東横堀川が船場・島之内の東端を流れ、阪神高速の下、島之内の南で西に向きを変えると、そこから道頓堀川となる。
道頓堀川の上流から最初に架かる橋が、近松門左衛門の浄瑠璃「生玉心中」の舞台となった「下大和橋」である。

01大和橋(1)mid
東横堀川から日本橋筋あたりまでを大和町といい、これがこの橋の名の由来となっっている。
下大和橋の辺りには金比羅詣の船着場があり、参詣客で大いに賑わったという。
大和町の由来を記した町名継承碑には、
『当町は明治初頭、大坂三郷南組の道頓堀大和町であったが、明治5年3月大和町となった。
同12年2月南区、同22年4月市制施行にともない大阪市南区大和町となった。
昭和57年2月住居表示の実施にともない、大和町は島之内二丁目の一部となった。
町名は、その由来については定かではないが、道頓堀開削後の町割り開発に際し、関係者の名前にちなんだものと考えられる。』
                       出典:【旧町名継承碑「大和町」】より

02大和橋(2)mid
下大和橋は、近松の「生玉心中」の大和橋出見世の場面として登場し(生玉心中 中巻 大和橋出見世の場)、
『こころこころの 商いも みな世渡りの大和橋 下いく水の泡よりも 色にそ銀は消えやすく』と描かれている。
下大和橋の碑文によれば、
『近松門左衛門の戯曲、生玉心中の舞台ともなった本橋付近の島之内、道頓堀界隈はまさに庶民の生活の舞台であった。
現在もこの橋の南側には国立文楽劇場や二ツ井戸があり賑わいのある道頓堀とは一線を画し、上方文化の香りの残る地区となっている。
江戸時代、このあたりには大和橋と中橋の二橋が架かっていたが、宝暦年間に大和橋が廃され、道頓堀川にそそぐ東横堀川に上大和橋が架けられたことにより中橋が下大和橋となった。
木橋であった下大和橋が永久橋となったのは昭和3年(1928)のことで、昭和62年(1987)の架け換えの際に、橋面空間の演出に重点をおいた整備が行われた。
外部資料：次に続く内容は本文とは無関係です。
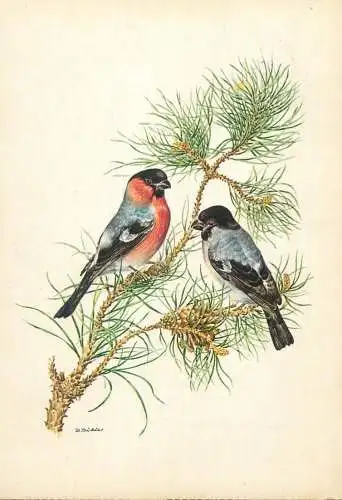 Animal postcard bird gimpel bullfinch 1970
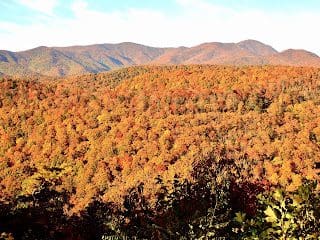 Breathtaking Fall Leaves Foliage Asheville Blue Ridge Mountains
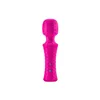 Vibrator FemmeFunn Pink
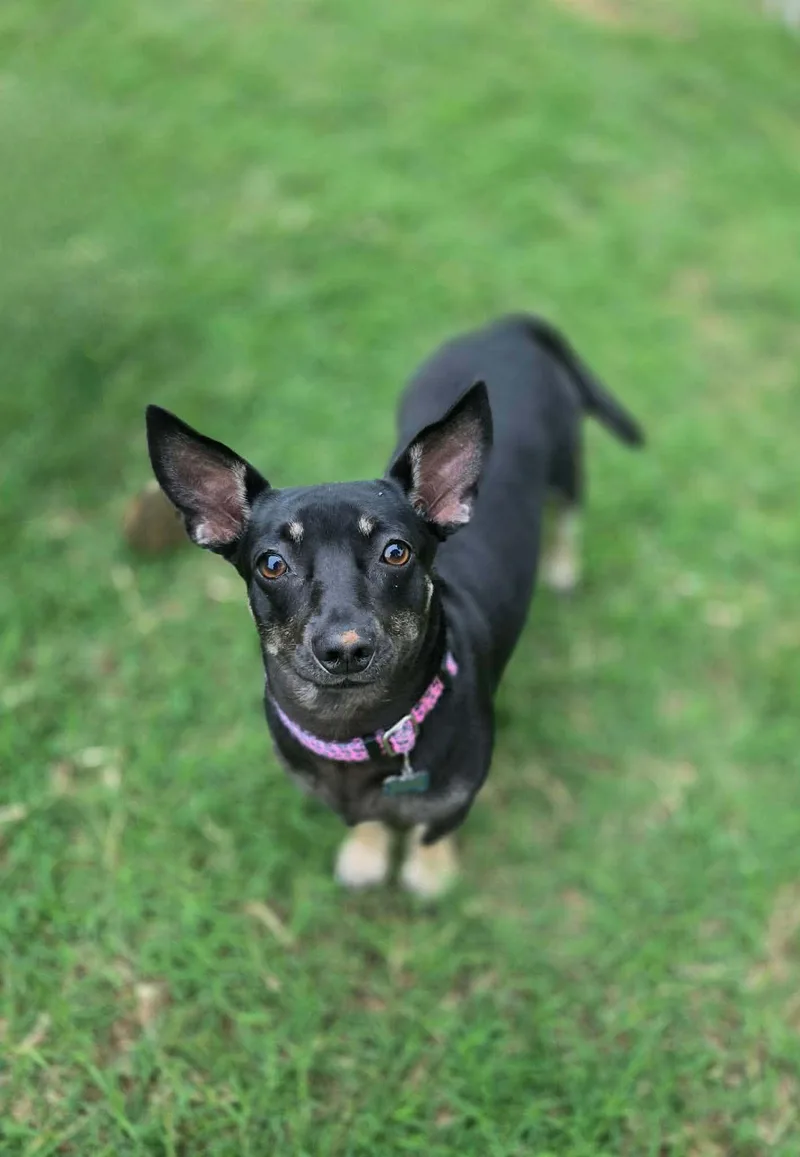 Maggie thumbnail 3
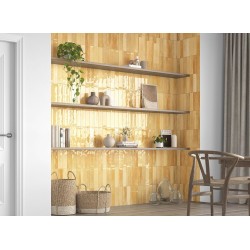 ZELLIGE COAL PULIDO 7X28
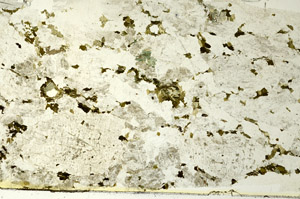 Plane Polarized, S86753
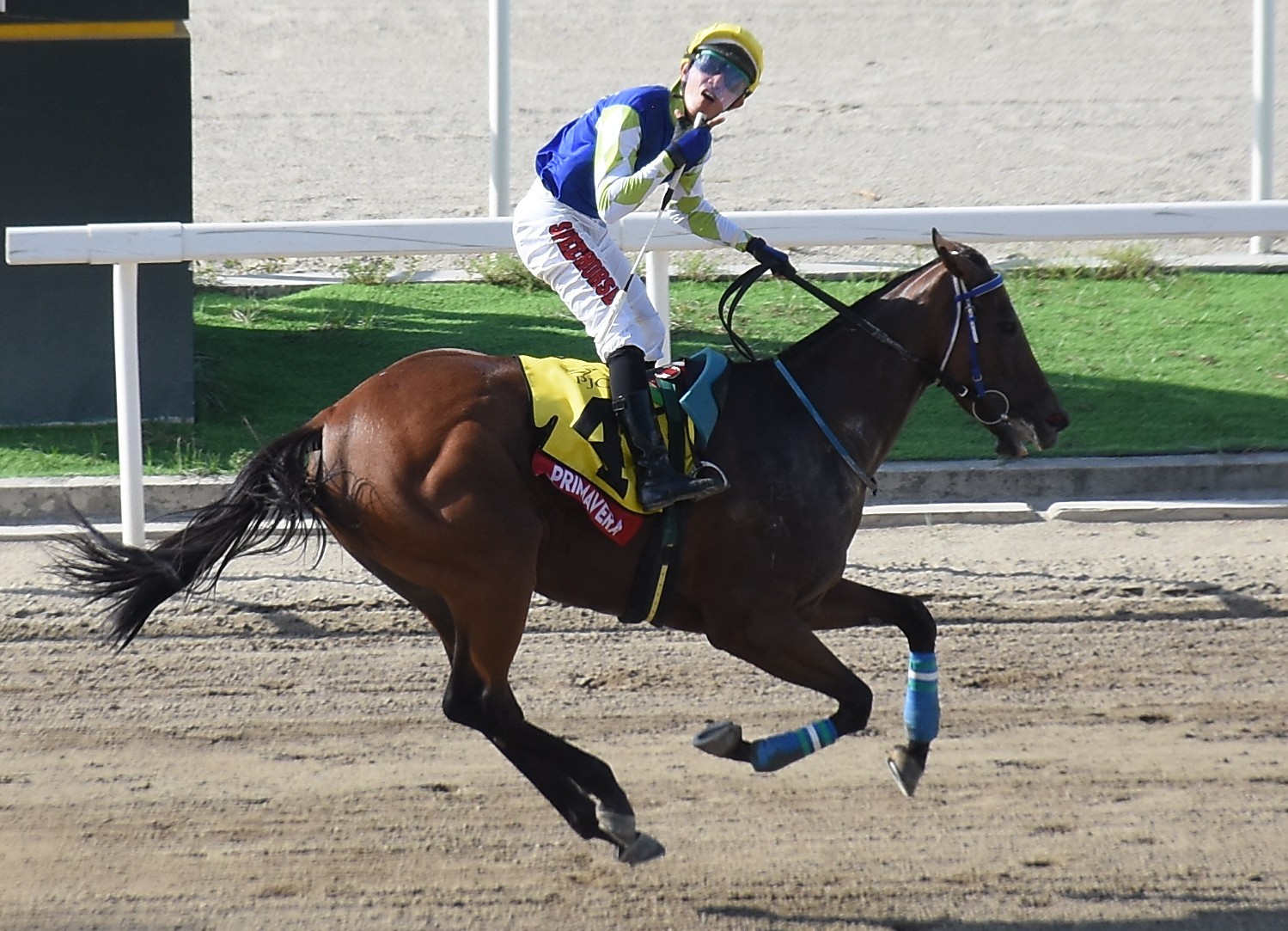 Primavera Dominant in Chairman's Cup II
』
                            出典:【下大和橋の碑】より

03生玉心中mid
生玉心中は、正徳5年(1715)5月に、大坂竹本座の小屋に係り、伏見坂町の遊女おさがと茶碗屋の嘉平次が、生玉神社の境内にて心中を遂げるまでを描いた、近松の心中ものの一つである。
生玉心中の大和橋出見世の場では、
「嘉平次が「さが」を連れ大和橋の出見世に戻るのだが、出見世の主人が嘉平次の父に連絡し、父は許嫁の「きは」を伴い店に駆けつけ、死をかけて説教をする。
嘉平次はそれに従い父を安心させ、父は銀を置いて帰ってゆく。
そこに悪友の長作が現れ、その銀を持ち去ろうと争いになり、銀を奪い取られてしまう。
それで死を覚悟した嘉平次は「さが」を連れ生玉神社へと向い、そこで脇足で「さが」を刺し、自分は「さが」の帯で首を括り心中するのであった。」